12-4 Effective Preparation of MOX Pellets

-Development of a New Method for Fabricating MOX Pellets Having Low Oxygen-to-Metal Ratio Using Residual Carbon-

Table 12-1 Testing conditions

Four specimens were separately heated in atmospheres with different PH2/PH2O ratios (PH2: hydrogen partial pressure; PH2O: moisture partial pressure). Specimen 4 had no carbon, and the influence of carbon on the reduction rate can be understood by comparing specimens 3 and 4.

Table 12-1 Testing conditions

 

Fig.12-8 Oxygen-to-metal (O/M) ratio vs. carbon content of dewaxed mixed-oxide (MOX) pellets

Fig.12-8 Oxygen-to-metal (O/M) ratio vs. carbon content of dewaxed mixed-oxide (MOX) pellets

This figure shows that the O/M ratio decreased upon increasing the carbon content of dewaxed MOX pellets by the current fabrication method.

 

Fig.12-9 Change in O/M ratio during heating

Fig.12-9 Change in O/M ratio during heating

The minimum O/M ratio was observed at the end of the temperature hold for specimen 4 (without carbon) and during the temperature hold for the other specimens (with carbon).

 

Fig.12-10 Ellingham diagram

Fig.12-10 Ellingham diagram

The O/M ratio could be effectively reduced by using residual carbon because the oxygen potential equilibrated with the carbon was lower than that equilibrated with each atmosphere at 1500 °C.

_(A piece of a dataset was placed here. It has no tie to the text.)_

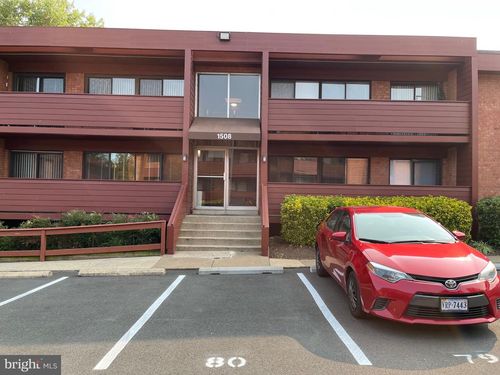 apt-13-1508 S George Mason Dr, ARLINGTON, VA, 22204-3466 | Card Image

We have developed a method based on the “simplified pellet fabrication process” for the production of Mixed-Oxide (MOX) fuels with low oxygen-to-metal (O/M) ratios to control the chemical interaction between the fuels and cladding for a high burnup of 150 GWd/t. However, a substantial amount of time is required to obtain such MOX pellets by sintering and subsequent annealing. In the current pellet fabrication method, which requires the addition of organic additives to MOX powder, about 3000 ppm of carbon remains in the MOX pellets even after pellets are dewaxed at 800 °C. It is empirically known that the O/M ratio of such MOX pellets can be reduced by using the residual carbon after sintering the pellets at 1700 °C (Fig.12-8). Therefore, a new method for preparing MOX pellets having low O/M ratios was investigated; the method involves the use of residual carbon.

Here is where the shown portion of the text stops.